## [WORK TO BE COMPLETED]
Pick out each line below containing "that".

(PROVIDED DATA begins)

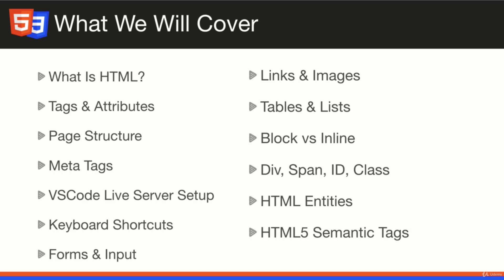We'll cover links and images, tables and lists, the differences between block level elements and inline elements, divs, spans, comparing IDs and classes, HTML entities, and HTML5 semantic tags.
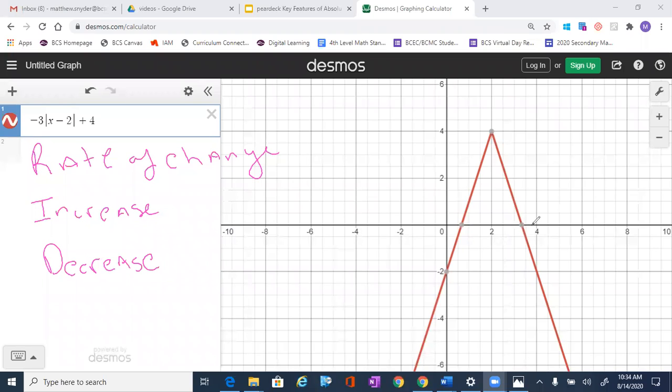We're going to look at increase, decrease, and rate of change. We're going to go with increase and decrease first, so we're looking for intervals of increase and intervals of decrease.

(PROVIDED DATA ends)
(PROVIDED DATA begins)

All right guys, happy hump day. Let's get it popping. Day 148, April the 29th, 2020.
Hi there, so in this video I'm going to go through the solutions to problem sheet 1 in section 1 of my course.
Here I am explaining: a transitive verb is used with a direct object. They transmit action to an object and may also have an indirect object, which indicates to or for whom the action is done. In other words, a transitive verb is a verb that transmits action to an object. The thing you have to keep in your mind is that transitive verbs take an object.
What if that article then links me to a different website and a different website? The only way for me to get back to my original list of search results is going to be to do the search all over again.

(PROVIDED DATA ends)

## [ANSWER TO THIS PROBLEM]
Here I am explaining: a transitive verb is used with a direct object. They transmit action to an object and may also have an indirect object, which indicates to or for whom the action is done. In other words, a transitive verb is a verb that transmits action to an object. The thing you have to keep in your mind is that transitive verbs take an object.
What if that article then links me to a different website and a different website? The only way for me to get back to my original list of search results is going to be to do the search all over again.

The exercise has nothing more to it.